■ Source material
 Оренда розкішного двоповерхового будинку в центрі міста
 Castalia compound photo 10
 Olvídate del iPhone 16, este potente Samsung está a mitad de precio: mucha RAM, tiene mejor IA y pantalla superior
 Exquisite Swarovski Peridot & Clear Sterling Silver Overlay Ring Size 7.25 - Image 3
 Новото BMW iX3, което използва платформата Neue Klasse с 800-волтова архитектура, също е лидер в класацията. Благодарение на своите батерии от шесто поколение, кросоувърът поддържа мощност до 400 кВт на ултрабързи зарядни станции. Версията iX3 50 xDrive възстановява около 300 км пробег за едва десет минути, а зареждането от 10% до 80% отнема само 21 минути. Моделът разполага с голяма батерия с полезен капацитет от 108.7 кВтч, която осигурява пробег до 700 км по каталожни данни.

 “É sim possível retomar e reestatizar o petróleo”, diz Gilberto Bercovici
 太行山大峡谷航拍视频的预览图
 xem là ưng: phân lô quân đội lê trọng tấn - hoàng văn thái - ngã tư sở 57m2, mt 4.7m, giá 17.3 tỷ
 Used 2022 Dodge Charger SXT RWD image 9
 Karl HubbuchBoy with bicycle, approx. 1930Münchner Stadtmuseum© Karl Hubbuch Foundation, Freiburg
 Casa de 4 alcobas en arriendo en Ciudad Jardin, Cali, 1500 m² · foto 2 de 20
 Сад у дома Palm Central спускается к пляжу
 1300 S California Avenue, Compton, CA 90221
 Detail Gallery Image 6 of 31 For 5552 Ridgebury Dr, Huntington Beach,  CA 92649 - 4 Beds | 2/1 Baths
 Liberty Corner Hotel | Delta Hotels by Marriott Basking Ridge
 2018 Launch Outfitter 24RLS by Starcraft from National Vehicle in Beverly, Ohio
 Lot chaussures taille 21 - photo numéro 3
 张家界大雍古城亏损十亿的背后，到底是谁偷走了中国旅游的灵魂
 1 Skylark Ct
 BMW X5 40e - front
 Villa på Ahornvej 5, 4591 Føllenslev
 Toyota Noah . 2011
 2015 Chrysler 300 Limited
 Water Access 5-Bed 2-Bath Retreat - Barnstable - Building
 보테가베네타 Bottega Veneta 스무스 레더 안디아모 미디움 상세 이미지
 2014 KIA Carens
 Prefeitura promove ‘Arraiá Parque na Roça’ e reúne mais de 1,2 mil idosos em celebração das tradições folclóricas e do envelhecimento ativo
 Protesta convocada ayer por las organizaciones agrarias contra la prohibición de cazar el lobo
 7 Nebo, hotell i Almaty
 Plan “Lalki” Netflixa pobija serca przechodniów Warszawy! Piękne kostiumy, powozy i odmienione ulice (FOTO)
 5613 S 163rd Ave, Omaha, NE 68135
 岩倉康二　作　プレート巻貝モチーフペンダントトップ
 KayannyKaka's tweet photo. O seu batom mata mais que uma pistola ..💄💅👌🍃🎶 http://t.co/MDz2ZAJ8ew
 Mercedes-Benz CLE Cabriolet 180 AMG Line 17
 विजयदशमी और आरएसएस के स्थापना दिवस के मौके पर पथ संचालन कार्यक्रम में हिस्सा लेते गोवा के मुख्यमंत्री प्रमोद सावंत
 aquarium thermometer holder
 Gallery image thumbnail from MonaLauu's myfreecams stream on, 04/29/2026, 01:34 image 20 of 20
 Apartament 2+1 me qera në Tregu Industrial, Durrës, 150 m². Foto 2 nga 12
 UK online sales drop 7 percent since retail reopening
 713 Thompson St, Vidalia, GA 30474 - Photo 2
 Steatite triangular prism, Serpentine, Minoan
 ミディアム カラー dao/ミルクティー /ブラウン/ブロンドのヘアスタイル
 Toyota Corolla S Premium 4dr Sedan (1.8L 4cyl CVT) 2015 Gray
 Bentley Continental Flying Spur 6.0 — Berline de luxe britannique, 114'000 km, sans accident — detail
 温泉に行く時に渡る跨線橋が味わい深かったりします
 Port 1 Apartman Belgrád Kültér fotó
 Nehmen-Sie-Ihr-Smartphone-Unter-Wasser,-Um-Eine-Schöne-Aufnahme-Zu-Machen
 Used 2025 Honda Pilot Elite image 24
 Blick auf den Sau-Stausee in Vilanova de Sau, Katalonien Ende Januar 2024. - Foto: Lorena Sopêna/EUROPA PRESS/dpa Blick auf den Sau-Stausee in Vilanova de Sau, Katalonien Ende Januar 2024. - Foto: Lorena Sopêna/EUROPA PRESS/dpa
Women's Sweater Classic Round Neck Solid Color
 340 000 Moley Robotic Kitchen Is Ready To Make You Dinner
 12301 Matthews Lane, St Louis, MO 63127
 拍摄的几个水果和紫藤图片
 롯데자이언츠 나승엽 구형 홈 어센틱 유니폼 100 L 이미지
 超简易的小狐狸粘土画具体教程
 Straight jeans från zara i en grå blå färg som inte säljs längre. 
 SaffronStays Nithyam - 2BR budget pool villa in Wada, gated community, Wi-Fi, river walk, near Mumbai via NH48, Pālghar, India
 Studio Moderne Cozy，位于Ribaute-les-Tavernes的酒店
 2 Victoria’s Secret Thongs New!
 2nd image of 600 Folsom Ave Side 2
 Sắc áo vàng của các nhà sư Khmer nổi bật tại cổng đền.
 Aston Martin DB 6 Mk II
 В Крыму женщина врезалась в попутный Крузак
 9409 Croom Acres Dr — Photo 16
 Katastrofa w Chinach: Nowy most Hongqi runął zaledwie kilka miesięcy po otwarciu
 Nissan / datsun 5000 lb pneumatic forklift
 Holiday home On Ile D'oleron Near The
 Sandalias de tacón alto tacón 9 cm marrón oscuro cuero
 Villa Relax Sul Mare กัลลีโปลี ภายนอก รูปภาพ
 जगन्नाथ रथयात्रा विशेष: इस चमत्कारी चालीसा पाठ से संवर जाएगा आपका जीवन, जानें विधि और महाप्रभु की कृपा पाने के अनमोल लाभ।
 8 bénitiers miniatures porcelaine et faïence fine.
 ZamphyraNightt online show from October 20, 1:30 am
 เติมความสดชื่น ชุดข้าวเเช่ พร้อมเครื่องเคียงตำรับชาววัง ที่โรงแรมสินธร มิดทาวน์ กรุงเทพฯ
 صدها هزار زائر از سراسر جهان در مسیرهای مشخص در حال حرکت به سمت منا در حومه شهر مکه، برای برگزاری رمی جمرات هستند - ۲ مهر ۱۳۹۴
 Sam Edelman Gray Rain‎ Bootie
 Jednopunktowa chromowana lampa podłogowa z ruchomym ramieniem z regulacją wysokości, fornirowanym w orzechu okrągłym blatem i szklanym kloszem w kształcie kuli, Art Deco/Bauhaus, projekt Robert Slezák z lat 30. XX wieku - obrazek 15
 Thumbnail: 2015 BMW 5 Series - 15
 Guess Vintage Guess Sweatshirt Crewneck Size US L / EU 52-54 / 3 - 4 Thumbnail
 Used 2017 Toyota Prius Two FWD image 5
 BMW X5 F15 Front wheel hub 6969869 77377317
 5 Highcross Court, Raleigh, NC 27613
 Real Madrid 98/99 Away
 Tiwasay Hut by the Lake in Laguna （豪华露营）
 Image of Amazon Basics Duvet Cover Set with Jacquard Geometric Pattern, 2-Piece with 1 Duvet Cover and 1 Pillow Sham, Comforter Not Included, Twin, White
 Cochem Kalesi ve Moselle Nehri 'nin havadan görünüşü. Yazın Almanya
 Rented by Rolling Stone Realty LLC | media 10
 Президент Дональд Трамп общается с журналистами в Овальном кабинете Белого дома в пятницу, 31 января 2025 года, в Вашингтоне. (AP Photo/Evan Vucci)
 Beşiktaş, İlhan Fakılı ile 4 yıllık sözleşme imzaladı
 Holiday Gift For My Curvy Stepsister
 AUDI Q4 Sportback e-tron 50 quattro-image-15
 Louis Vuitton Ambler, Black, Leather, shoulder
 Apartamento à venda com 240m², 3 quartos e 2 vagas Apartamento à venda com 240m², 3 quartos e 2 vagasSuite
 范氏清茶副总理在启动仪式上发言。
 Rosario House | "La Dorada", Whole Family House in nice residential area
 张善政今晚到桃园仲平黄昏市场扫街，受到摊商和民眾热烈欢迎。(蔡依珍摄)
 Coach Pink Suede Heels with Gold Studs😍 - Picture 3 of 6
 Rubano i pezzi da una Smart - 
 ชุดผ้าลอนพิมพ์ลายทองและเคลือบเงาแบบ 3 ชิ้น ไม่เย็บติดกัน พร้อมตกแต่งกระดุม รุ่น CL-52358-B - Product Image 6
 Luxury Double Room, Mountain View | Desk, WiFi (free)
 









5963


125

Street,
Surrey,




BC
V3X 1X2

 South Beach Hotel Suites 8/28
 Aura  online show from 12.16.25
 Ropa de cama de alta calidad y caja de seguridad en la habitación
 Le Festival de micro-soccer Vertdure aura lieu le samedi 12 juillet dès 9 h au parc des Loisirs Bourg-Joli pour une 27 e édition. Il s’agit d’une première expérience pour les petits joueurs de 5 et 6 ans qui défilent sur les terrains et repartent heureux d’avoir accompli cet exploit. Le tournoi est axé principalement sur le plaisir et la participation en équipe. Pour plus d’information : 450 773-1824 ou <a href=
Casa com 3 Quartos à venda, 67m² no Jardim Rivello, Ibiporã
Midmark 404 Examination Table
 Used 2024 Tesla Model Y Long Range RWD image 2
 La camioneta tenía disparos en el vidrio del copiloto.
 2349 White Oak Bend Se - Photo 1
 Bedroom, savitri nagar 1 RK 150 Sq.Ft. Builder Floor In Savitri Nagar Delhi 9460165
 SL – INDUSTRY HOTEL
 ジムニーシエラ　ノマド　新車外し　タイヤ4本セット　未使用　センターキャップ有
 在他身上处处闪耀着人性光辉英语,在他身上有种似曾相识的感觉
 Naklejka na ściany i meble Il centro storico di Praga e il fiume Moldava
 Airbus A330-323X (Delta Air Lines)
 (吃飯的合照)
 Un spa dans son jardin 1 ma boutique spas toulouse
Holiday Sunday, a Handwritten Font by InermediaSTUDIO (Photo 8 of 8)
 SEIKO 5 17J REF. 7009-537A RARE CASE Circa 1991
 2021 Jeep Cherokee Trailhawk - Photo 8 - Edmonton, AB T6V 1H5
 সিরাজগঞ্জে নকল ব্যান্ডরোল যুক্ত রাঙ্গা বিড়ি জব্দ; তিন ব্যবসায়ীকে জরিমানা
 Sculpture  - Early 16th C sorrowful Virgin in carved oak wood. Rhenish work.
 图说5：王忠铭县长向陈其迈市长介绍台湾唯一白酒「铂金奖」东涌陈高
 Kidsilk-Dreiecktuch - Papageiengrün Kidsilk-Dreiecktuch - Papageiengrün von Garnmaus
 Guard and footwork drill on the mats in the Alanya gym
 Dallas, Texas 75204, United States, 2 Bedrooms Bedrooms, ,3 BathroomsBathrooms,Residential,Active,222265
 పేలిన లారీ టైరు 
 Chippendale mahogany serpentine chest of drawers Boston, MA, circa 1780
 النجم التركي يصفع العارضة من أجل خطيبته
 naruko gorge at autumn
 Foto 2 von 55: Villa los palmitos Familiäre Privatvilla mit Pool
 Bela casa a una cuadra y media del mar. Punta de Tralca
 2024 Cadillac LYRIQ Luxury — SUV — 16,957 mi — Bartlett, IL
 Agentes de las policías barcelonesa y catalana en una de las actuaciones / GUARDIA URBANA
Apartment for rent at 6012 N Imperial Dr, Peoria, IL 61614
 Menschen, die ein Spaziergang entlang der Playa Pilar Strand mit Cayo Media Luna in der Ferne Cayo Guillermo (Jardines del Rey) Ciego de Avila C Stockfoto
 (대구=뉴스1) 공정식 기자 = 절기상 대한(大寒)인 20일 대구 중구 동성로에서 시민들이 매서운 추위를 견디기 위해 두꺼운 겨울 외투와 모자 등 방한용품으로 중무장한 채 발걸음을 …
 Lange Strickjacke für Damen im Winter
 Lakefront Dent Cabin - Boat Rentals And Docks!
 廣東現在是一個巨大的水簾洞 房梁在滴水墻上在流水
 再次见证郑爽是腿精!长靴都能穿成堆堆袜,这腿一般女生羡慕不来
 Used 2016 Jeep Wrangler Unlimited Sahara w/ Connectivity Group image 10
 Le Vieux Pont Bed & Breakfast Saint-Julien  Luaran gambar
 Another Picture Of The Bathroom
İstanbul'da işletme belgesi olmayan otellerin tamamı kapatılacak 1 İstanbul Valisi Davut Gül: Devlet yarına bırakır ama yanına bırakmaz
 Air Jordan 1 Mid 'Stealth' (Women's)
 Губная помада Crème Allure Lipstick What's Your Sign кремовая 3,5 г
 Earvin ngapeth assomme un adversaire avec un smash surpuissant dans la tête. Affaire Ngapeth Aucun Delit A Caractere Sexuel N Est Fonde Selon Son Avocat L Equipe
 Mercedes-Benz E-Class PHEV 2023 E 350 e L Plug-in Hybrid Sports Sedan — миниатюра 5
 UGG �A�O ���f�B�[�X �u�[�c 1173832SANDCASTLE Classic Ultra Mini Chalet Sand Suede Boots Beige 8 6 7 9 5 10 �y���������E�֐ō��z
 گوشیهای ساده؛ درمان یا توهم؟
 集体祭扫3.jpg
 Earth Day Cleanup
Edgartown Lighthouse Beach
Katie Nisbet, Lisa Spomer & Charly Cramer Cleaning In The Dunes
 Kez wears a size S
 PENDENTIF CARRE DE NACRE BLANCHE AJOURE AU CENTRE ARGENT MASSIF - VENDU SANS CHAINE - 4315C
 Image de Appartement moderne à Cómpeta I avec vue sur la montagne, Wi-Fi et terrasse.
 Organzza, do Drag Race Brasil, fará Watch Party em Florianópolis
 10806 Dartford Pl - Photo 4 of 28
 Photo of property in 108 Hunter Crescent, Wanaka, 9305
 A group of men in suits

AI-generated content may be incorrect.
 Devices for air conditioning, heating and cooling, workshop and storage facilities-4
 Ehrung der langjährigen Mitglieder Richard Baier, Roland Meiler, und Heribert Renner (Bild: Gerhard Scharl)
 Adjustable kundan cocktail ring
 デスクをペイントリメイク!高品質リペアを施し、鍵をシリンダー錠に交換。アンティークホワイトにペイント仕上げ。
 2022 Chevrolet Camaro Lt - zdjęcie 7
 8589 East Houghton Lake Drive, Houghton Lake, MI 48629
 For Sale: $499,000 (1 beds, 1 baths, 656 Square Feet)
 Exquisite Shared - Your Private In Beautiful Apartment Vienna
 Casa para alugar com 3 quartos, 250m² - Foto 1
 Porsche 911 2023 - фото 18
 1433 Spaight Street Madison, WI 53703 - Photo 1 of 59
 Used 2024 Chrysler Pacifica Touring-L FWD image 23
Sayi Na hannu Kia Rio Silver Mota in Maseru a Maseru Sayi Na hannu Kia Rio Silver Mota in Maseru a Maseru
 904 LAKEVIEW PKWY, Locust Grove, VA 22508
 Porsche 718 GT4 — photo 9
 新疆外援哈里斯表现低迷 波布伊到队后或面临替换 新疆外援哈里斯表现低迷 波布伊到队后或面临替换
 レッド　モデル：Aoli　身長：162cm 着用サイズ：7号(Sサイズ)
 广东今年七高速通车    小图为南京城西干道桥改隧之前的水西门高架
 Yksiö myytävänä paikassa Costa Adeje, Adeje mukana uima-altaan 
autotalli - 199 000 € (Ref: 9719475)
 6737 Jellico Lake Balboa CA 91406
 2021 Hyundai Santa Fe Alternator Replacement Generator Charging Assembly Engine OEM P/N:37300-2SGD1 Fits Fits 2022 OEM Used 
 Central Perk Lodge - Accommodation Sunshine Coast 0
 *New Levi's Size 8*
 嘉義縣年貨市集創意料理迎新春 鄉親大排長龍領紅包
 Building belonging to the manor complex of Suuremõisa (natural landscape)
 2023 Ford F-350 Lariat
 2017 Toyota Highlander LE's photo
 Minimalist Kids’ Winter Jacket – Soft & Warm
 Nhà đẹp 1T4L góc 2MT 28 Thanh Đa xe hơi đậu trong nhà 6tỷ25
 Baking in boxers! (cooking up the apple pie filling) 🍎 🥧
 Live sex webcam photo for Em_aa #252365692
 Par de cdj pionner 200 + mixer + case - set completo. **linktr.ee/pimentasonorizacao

■ What is being asked
Beginning with the line that has "النجم التركي يصفع العارضة من أجل خطيبته" and ending with the line that has "Menschen, die ein", set down the lines above exactly and include no others.

■ Response to the exercise
 النجم التركي يصفع العارضة من أجل خطيبته
 naruko gorge at autumn
 Foto 2 von 55: Villa los palmitos Familiäre Privatvilla mit Pool
 Bela casa a una cuadra y media del mar. Punta de Tralca
 2024 Cadillac LYRIQ Luxury — SUV — 16,957 mi — Bartlett, IL
 Agentes de las policías barcelonesa y catalana en una de las actuaciones / GUARDIA URBANA
Apartment for rent at 6012 N Imperial Dr, Peoria, IL 61614
 Menschen, die ein Spaziergang entlang der Playa Pilar Strand mit Cayo Media Luna in der Ferne Cayo Guillermo (Jardines del Rey) Ciego de Avila C Stockfoto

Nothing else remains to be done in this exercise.